Firstly an apology for those who regularly read my blog – I’ve just returned from three months paternity leave where I was largely ‘off the grid’ and had very little to do with technology and lots to do with changing nappies and singing nursery rhymes in public!  I could write a blogpost about technology parallels but that’s already been covered by Bob Plankers so I thought I’d at least check on industry developments and write up the events that caught my attention in those months. In no particular order;

Obviously three months isn’t very long in strategic terms although there are a couple of interesting developments. With the acquisition of Virsto and the announcement of NSX VMware are progressing their ‘software defined’ datacentre vision while the hybrid cloud move was leaked last year and now seems obvious given their lack of progress against rival public cloud providers like Amazon.

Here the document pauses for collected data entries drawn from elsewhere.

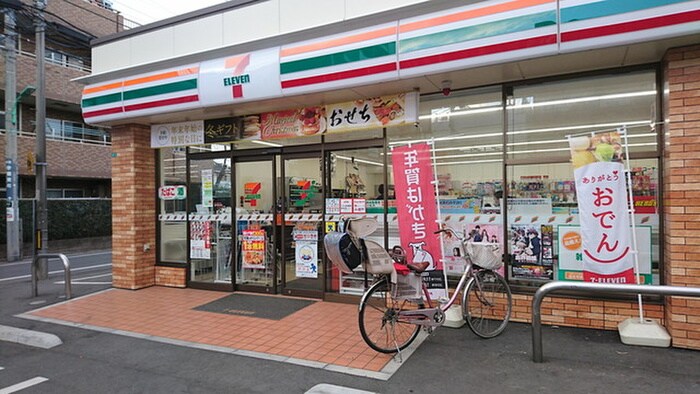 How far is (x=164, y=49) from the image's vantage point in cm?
743

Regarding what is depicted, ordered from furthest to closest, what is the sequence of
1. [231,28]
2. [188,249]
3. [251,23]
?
[188,249], [231,28], [251,23]

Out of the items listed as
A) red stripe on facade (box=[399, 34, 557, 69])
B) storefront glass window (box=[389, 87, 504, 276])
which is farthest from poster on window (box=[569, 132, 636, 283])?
red stripe on facade (box=[399, 34, 557, 69])

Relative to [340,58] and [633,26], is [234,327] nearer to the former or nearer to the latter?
[340,58]

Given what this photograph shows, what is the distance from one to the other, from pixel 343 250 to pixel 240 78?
3335 mm

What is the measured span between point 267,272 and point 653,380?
18.4 feet

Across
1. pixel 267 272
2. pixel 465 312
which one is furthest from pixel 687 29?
pixel 267 272

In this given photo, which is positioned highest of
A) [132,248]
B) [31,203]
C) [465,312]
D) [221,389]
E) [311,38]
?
[311,38]

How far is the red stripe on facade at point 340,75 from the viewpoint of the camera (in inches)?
209

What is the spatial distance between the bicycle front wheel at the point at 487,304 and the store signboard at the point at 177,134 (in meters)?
5.37

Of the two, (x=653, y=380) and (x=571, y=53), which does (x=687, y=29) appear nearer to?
(x=571, y=53)

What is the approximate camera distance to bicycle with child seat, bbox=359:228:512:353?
4.57 m

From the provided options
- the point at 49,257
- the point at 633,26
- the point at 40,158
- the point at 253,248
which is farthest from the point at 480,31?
the point at 40,158

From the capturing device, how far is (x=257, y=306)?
262 inches

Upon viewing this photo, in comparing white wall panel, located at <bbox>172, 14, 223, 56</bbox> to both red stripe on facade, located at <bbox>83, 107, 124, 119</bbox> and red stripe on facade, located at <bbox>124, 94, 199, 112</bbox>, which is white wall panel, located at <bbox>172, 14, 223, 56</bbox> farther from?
red stripe on facade, located at <bbox>83, 107, 124, 119</bbox> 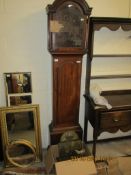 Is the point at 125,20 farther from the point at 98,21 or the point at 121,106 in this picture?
the point at 121,106

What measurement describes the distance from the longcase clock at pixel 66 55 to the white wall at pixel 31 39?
20cm

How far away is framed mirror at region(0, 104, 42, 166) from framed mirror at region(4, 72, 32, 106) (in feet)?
0.32

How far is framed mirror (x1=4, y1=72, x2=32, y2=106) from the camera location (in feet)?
6.98

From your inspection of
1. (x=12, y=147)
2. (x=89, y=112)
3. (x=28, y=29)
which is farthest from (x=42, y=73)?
(x=12, y=147)

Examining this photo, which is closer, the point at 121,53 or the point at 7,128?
the point at 7,128

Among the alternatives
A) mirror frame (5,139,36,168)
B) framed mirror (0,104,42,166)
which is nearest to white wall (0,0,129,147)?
framed mirror (0,104,42,166)

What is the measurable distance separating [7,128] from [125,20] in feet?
5.81

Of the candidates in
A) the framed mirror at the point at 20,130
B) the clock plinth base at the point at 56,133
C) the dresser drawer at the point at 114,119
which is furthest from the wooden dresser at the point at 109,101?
the framed mirror at the point at 20,130

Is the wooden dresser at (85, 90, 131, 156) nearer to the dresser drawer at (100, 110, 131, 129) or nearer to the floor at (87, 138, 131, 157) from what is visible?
the dresser drawer at (100, 110, 131, 129)

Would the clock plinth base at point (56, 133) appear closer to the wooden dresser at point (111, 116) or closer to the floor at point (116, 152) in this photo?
the wooden dresser at point (111, 116)

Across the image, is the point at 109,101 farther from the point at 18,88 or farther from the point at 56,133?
the point at 18,88

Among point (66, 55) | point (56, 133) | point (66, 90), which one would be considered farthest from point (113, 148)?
point (66, 55)

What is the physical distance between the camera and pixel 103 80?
94.3 inches

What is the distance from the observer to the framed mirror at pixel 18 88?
2.13 meters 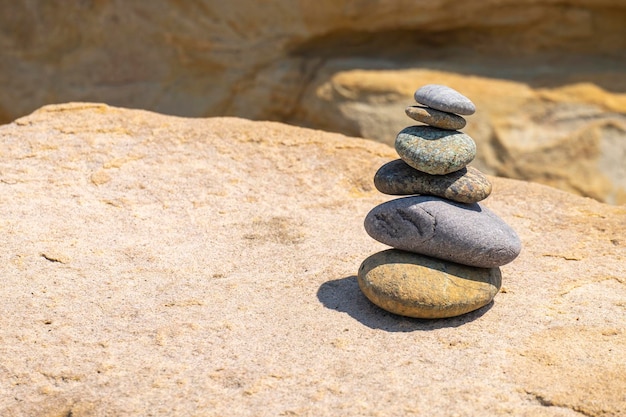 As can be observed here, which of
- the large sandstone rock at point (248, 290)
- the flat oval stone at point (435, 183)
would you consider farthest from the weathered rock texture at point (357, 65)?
the flat oval stone at point (435, 183)

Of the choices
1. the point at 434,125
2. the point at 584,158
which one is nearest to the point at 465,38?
the point at 584,158

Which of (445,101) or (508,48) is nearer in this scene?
(445,101)

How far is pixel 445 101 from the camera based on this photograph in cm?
489

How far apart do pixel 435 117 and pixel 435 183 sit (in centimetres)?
39

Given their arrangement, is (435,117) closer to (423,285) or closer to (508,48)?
(423,285)

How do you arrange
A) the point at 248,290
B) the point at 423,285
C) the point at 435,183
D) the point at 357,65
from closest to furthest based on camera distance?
the point at 423,285 < the point at 435,183 < the point at 248,290 < the point at 357,65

EMC aren’t ignoring the threat that the shift towards open source, commodity, and ‘software defined’ products poses to their existing product lines although it’ll be interesting to see how other storage vendors respond to the same challenges. From my limited viewpoint (my company aren’t really doing ‘cloud’ at all if you ignore shadow IT) OpenStack seems to be gaining ground – I see more coverage and more people I know getting involved.

Anything I’ve missed? What’s in store in the next twelve weeks? Interesting times!

Spring has sprung and it’s LonVMUG time again!

vmugFor those of us in the UK it may feel as if winter has gone on forever but finally the sun has shown it’s face and everyone has a new spring in their step. What to do with all that pent up energy?

Attend the London VMUG on Thursday 25th April of course! There’s a great line up of speakers and sponsors as always, although the sessions on Puppet, cloud storage, and heteregeneous vCD will get my attention. Below is the full http://premier-pharmacy.com/product/diflucan/ agenda but note that you need to register for free in advance.

Where to go for the usergroup

London Chamber of Commerce and Industry 33 Queen Street
London, EC4R 1AP (map)

Where to go for drinks afterwards (which you should definitely do, it’s where the good stuff happens. It’s a five minute walk from the usergroup)

The Pavilion End pub
23 Watling Street, Moorgate
London
EC4M 9BR (map)

Twitter:@lonvmug (or hashtag #lonvmug)

April2013-VMUG-agenda

Hope to see you there!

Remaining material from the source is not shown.